Spain bond pain?
We first had a hint that bondholders of Spanish bank debt
may suffer losses. This is a significant change of position for the ECB.
Draghi’s predecessor Mr Trichet vehemently opposed banks inflicting losses on
the holders of their bonds (See Ireland). Now, it does not seem to be such a
bad idea. Forcing senior bond holders to
accept losses would ease some of the money needs of the Spanish banks. It would
also be according to the principle of private sector burden sharing that
Germany insisted for Greece too.
Of course there is also the issue of the Tier1 equity
instruments. There are about 67billion Euro worth of subordinated or hybrid
capital bonds issued by Spanish banks. You know the ones. The Tier 1 perpetual
with a step up call in. Those that were sold by investment banks back in the
boom years as the best investment since Dutch tulips. Many are also structured
with 10Y minus 2Y constant maturity swaps (10Y-2Y CMS).
Who owns these beauties? Well many have been sold to retail
investors or private banking clients as they had huge profit margins. So, taking
a haircut on these might not hurt European banks much.
Is this a precondition for recapitalizing the Spanish banks?
We do not know. We can only suspect that this is one of the ideas. In an
indirect way this is already happening. The buy-back of these bonds by the
issuing banks at knock down prices has identical effect on the balance sheet of
these banks. Greek banks did the same by buying back some of their hybrids.
Paella options
The market rejoiced at the
recent comment by Draghi regarding action that needs to be taken. Let me repeat
his words “These premia have to do, as
I said, with default, with liquidity, but they also have to do more and more
with convertibility, with the risk of convertibility. Now to the
extent that these premia do not have to do with factors inherent to my
counterparty - they come into our mandate. They come within our remit”.

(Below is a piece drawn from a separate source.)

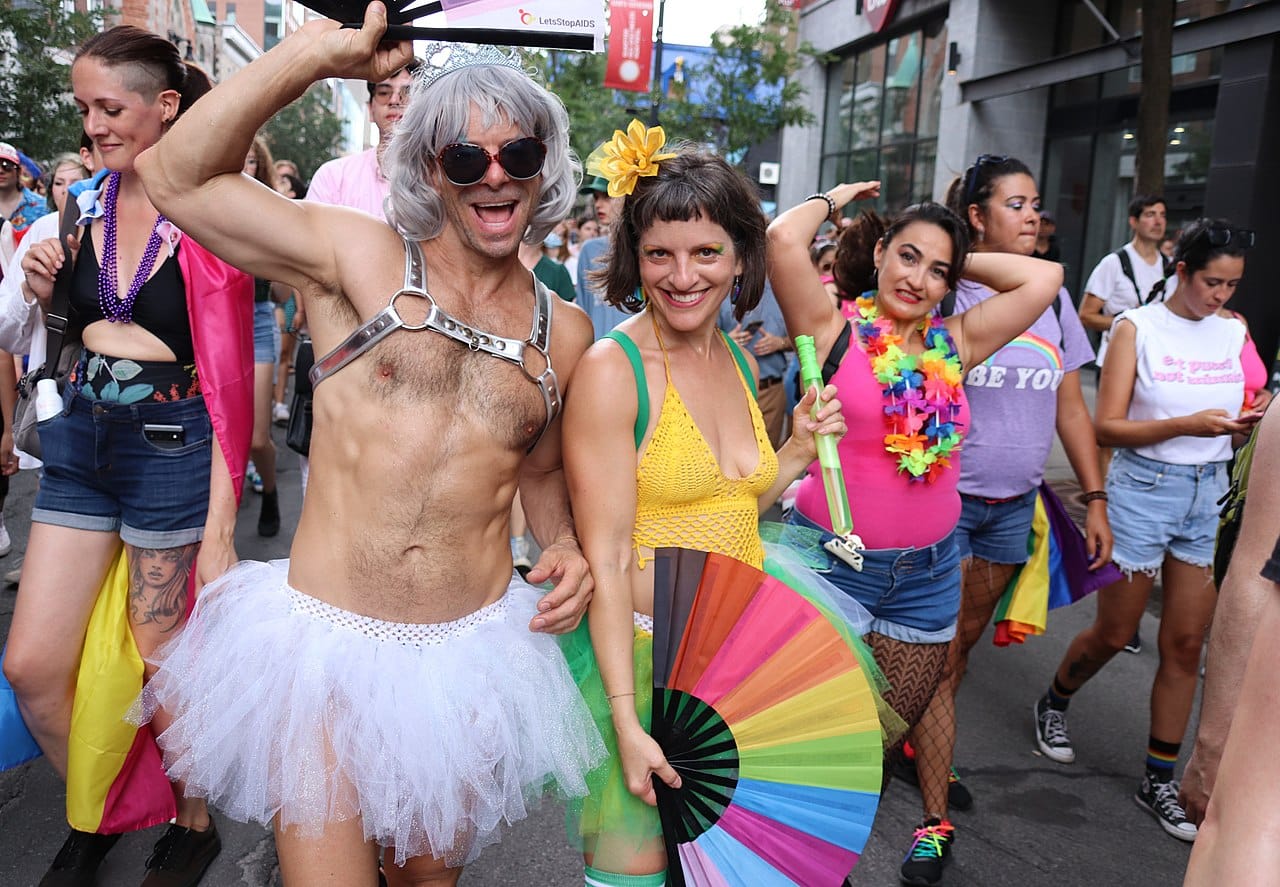 Participants souriants et costumés à la marche de la Fierté de Montréal 2022, vêtus de tenues vives et originales, portant des accessoires arc-en-ciel et célébrant la diversité et l’inclusion dans la rue.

By “convertibility”, Draghi means, you guess it, exiting the Euro and
reintroducing national currency. I guess the word “exit” is prohibited from the
ECB vocabulary so an acceptable alternative had to be used to confuse us. So,
if a country defaults, or wishes to exit the Euro, it becomes a monetary policy
issue and thus ECB can act under its remit. In the same way they baptised the
Greek SMP holdings a monetary policy instrument. We now have the basis of the
excuse of introducing a massive buying program.